━━ Extracted entries ━━
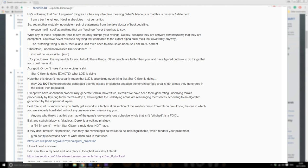Anyone who thinks that this star map of the game's universe is one cohesive whole that isn't stitched is falling for a bait and switch fallacy. Fallacious. Derek is a walking fallacy. A 64-bit world, which Star Citizen simply does not have. If they don't have 64-bit precision then they are mimicking it so well as to be indistinguishable, which renders your point moot. You don't understand any of what Brian said in that video.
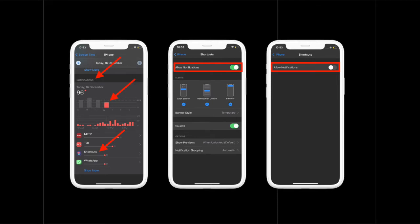Finally, turn off the switch for Allow Notifications. That's pretty much it. From now onwards, you won't get alerts every time the automation runs on your iPhone or iPad.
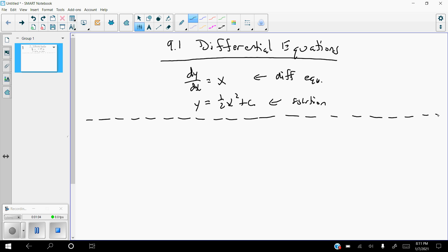What we're going to talk about in Section 9.1 — and this is a reason why you don't have notes on this, because this is something I have just started doing in the not-too-distant past — is verifying differential equations, or using verifications of differential equations. What does that mean?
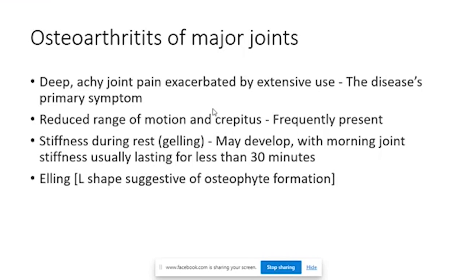Osteoarthritis commonly presents in major joints, with the knee most frequently involved. The typical presentation is deep pain in the joints, related to use. Initially pain occurs only after a certain amount of exercise; within that range, there is no pain. As the condition progresses, exercise tolerance gradually reduces. Eventually, the patient may have stiffness at rest — upon getting up, the first few steps are difficult, but pain reduces once walking begins.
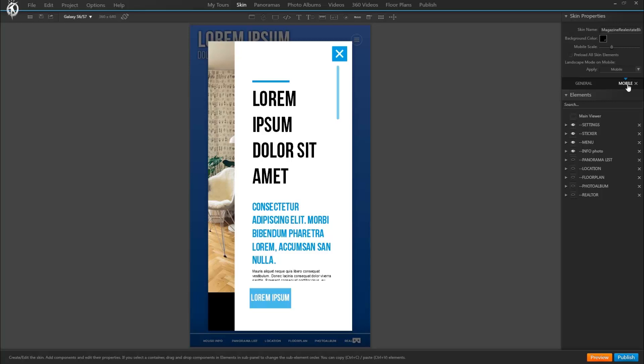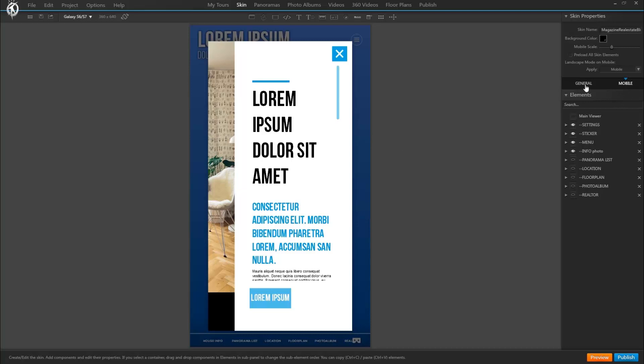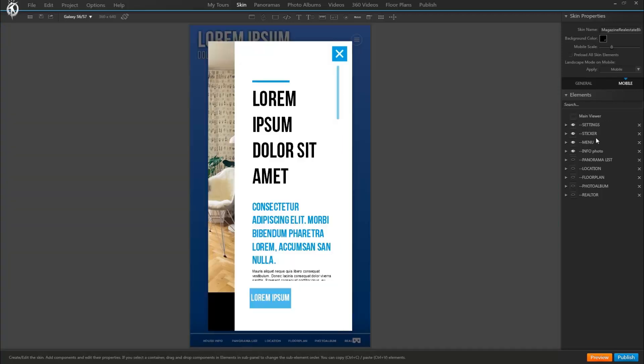Once we created this mobile skin and copied all of the elements in here, if we now go in and change a text or whatever in this mobile version that won't affect the text in the general version. So they're completely independent from now on. So just be mindful where it is you're currently making changes. In the general or in the mobile version.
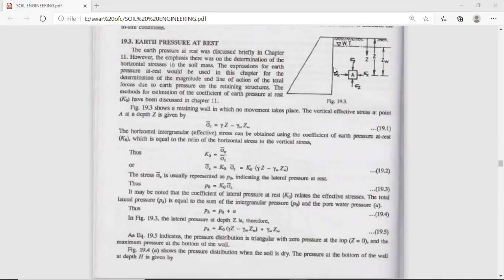Firstly, we will calculate the vertical effective stress at a point A at a depth Z. This is the point at which we are calculating our vertical effective stress. What is the formula of effective stress? Sigma equals gamma Z — that means the unit weight is multiplied by the depth.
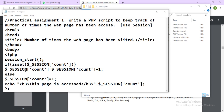If $_SESSION['count'] is set, it means you are visiting the page again, so it will increment the value: $_SESSION['count'] = $_SESSION['count'] + 1. Otherwise, in the else block, if it is not set — meaning this is the first visit — it will initialize $_SESSION['count'] = 1.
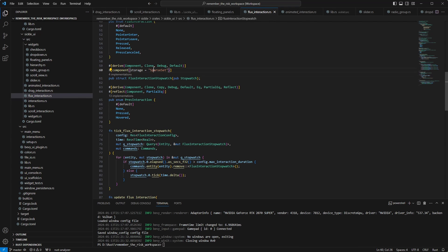I have also moved the stopwatch to the sparse set storage, because now I'm adding and removing it every time you are interacting with an element in some way.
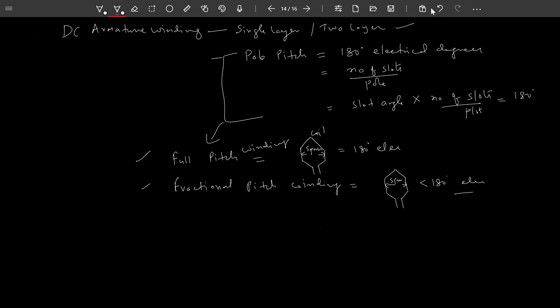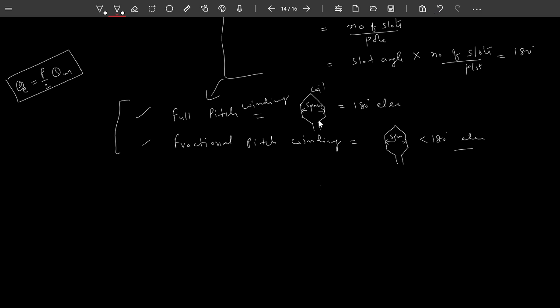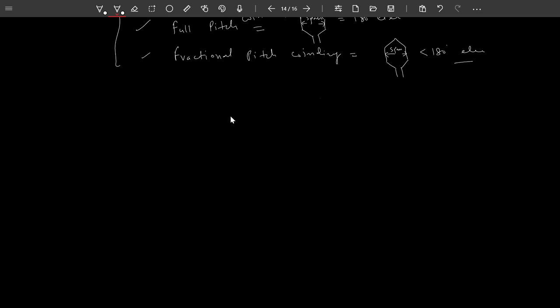Before that, we also discussed the electrical angle and mechanical angle and derived the relationship between them. Now let us discuss about the commutator pitch.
━━━
> [Assignment]: Copy the material above in full and exactly, skipping pictures.

> [The completed task]:
Anyone who thinks that this star map of the game's universe is one cohesive whole that isn't stitched is falling for a bait and switch fallacy. Fallacious. Derek is a walking fallacy. A 64-bit world, which Star Citizen simply does not have. If they don't have 64-bit precision then they are mimicking it so well as to be indistinguishable, which renders your point moot. You don't understand any of what Brian said in that video.
Finally, turn off the switch for Allow Notifications. That's pretty much it. From now onwards, you won't get alerts every time the automation runs on your iPhone or iPad.
What we're going to talk about in Section 9.1 — and this is a reason why you don't have notes on this, because this is something I have just started doing in the not-too-distant past — is verifying differential equations, or using verifications of differential equations. What does that mean?
Osteoarthritis commonly presents in major joints, with the knee most frequently involved. The typical presentation is deep pain in the joints, related to use. Initially pain occurs only after a certain amount of exercise; within that range, there is no pain. As the condition progresses, exercise tolerance gradually reduces. Eventually, the patient may have stiffness at rest — upon getting up, the first few steps are difficult, but pain reduces once walking begins.
Once we created this mobile skin and copied all of the elements in here, if we now go in and change a text or whatever in this mobile version that won't affect the text in the general version. So they're completely independent from now on. So just be mindful where it is you're currently making changes. In the general or in the mobile version.
Firstly, we will calculate the vertical effective stress at a point A at a depth Z. This is the point at which we are calculating our vertical effective stress. What is the formula of effective stress? Sigma equals gamma Z — that means the unit weight is multiplied by the depth.
If $_SESSION['count'] is set, it means you are visiting the page again, so it will increment the value: $_SESSION['count'] = $_SESSION['count'] + 1. Otherwise, in the else block, if it is not set — meaning this is the first visit — it will initialize $_SESSION['count'] = 1.
I have also moved the stopwatch to the sparse set storage, because now I'm adding and removing it every time you are interacting with an element in some way.
Before that, we also discussed the electrical angle and mechanical angle and derived the relationship between them. Now let us discuss about the commutator pitch.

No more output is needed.